YoC presents Morocco’s 1639 CE manuscript on astronomy
The Peninsula
Doha, Qatar: As part of the ongoing Qatar Morocco 2024 Year of Culture,the Years of Culture team looked deeper into Morocco s history, culture, and tr...
Doha, Qatar: As part of the ongoing Qatar-Morocco 2024 Year of Culture, the Years of Culture team looked deeper into Morocco’s history, culture, and traditions. In collaboration with Qatar National Library, they delved into documents and manuscripts related to Morocco available on the Qatar Digital Library (QDL) portal, unearthing a digital copy of an important scientific manuscript by one of Morocco’s leading 17th century CE scholars in timekeeping and astronomy.

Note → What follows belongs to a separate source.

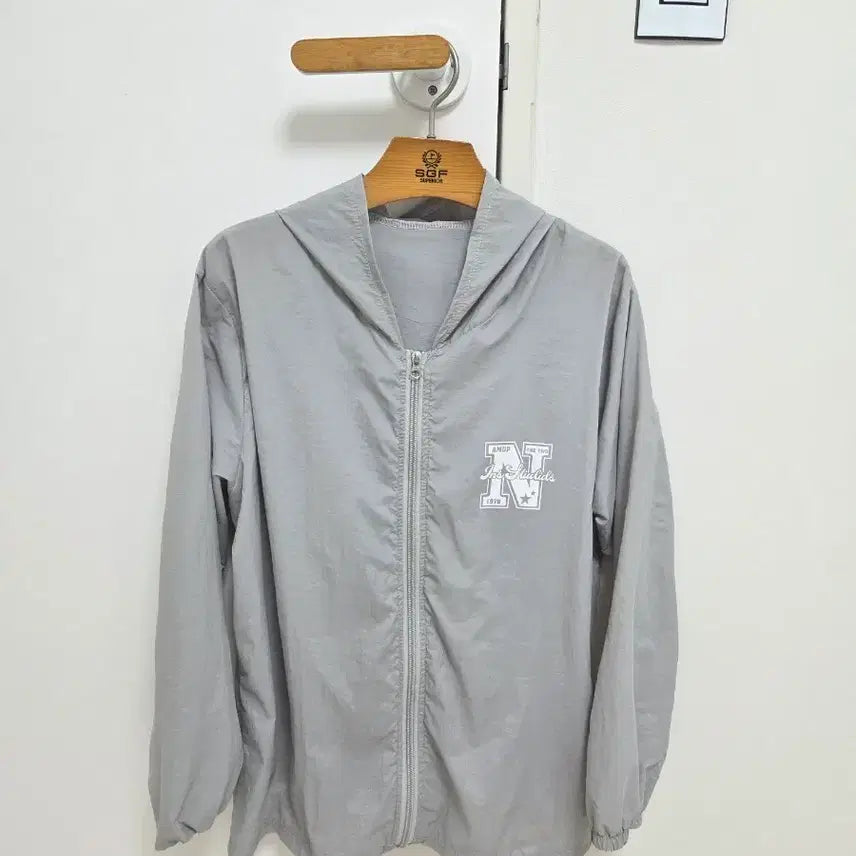 [BUNJANG] Lightweight Hooded Windbreaker Jacket / 바람막이후드점퍼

Almost 400 years ago in Fez, Morocco, on precisely Tuesday, March 29, 1639 CE (24 Dhū Al Qa‘dah, 1048 AH), Moroccan scholar Alī ibn Muhammad ibn Abī Al Qāsim ibn Ibrāhīm Al Dādasī was hard at work at the Subāhīyah Madrasa finalising a commentary on his educational poem on astronomical timekeeping called “The Students’ Beginning in the Science of the Time of Day by Means of Calculation” that he had written during the previous Ramadan. He titled the commentary, which is accessible on QDL, “A Gift for the Intelligent in Explanation of the Students’ Beginning. “
Al Dādasī, who died in 1683 CE and was originally from Dades in the Atlas Mountains, worked in Fez and Cairo and is known to have written several manuscripts on timekeeping, including the 1648 poem “Guide for Pupils,” and in the same year, “Sapphires for the Beginners for the Study of the Science of Timekeeping.”